**Recorded information**
● ● ● ● ● ● ●
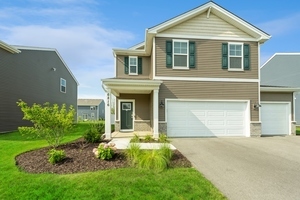 6816 Cobble Springs Lane Property Photo 1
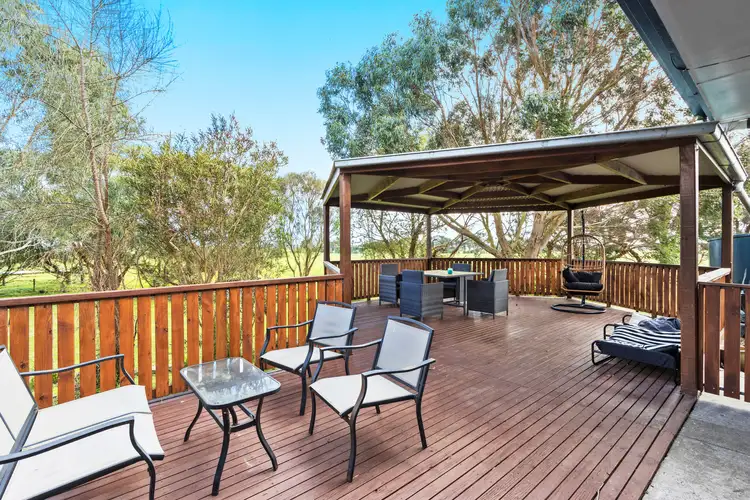 60 Tarwin Meadows Road, Tarwin Lower VIC 3956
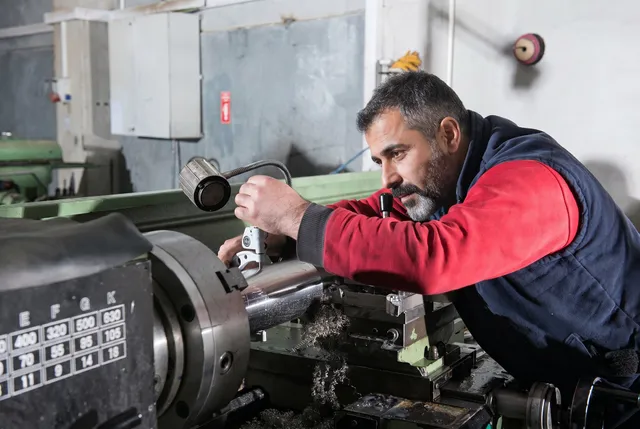 Mecanizado CNC — 17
● ● ● ● ● ● ●
**Work instructions**
Retype the whole listing exactly. Do not include the pictures.

**Completed task**
 6816 Cobble Springs Lane Property Photo 1
 60 Tarwin Meadows Road, Tarwin Lower VIC 3956
 Mecanizado CNC — 17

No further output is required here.